[INPUT FOR THIS TASK — start]
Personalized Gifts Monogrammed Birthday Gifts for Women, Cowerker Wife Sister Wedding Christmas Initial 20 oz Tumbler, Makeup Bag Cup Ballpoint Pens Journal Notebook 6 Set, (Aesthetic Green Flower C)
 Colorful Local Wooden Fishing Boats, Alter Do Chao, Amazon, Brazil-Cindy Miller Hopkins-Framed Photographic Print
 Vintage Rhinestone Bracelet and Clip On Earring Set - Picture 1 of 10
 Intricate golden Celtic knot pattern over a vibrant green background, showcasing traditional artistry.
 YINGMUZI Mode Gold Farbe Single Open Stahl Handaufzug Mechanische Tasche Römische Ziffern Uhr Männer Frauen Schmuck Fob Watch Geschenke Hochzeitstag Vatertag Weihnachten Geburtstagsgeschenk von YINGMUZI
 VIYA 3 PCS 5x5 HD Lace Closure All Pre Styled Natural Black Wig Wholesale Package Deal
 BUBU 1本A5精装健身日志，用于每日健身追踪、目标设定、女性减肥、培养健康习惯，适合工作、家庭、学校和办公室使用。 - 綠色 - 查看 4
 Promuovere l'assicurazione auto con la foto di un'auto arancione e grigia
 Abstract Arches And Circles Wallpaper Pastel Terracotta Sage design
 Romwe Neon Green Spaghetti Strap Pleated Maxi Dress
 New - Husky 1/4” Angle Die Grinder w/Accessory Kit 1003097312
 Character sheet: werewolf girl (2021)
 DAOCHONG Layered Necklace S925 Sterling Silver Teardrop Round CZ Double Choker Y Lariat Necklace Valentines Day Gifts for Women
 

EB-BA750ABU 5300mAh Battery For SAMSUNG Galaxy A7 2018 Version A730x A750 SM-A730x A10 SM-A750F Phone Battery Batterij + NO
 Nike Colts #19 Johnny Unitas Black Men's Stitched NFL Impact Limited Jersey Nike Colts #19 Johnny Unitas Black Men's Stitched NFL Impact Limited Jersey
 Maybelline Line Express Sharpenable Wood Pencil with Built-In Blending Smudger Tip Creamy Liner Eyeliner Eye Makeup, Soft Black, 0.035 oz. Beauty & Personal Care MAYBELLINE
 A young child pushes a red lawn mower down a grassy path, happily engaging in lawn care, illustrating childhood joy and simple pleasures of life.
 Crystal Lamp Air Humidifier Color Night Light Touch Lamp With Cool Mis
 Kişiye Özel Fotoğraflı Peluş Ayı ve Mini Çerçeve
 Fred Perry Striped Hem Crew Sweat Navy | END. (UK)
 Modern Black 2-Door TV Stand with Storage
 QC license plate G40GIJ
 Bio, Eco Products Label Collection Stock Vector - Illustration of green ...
[INPUT FOR THIS TASK — finish]
**DIRECTIONS:**
Start with the line above that contains "BUBU 1本A5精装健身日志，用于每日健身追踪、目标设定、女性减肥、培养健康习惯，适合工作、家庭、学校和办公室使用。 - 綠色" and stop after the line that contains "New - Husky". Output those lines exactly, and only those.

**SOLVED EXERCISE:**
 BUBU 1本A5精装健身日志，用于每日健身追踪、目标设定、女性减肥、培养健康习惯，适合工作、家庭、学校和办公室使用。 - 綠色 - 查看 4
 Promuovere l'assicurazione auto con la foto di un'auto arancione e grigia
 Abstract Arches And Circles Wallpaper Pastel Terracotta Sage design
 Romwe Neon Green Spaghetti Strap Pleated Maxi Dress
 New - Husky 1/4” Angle Die Grinder w/Accessory Kit 1003097312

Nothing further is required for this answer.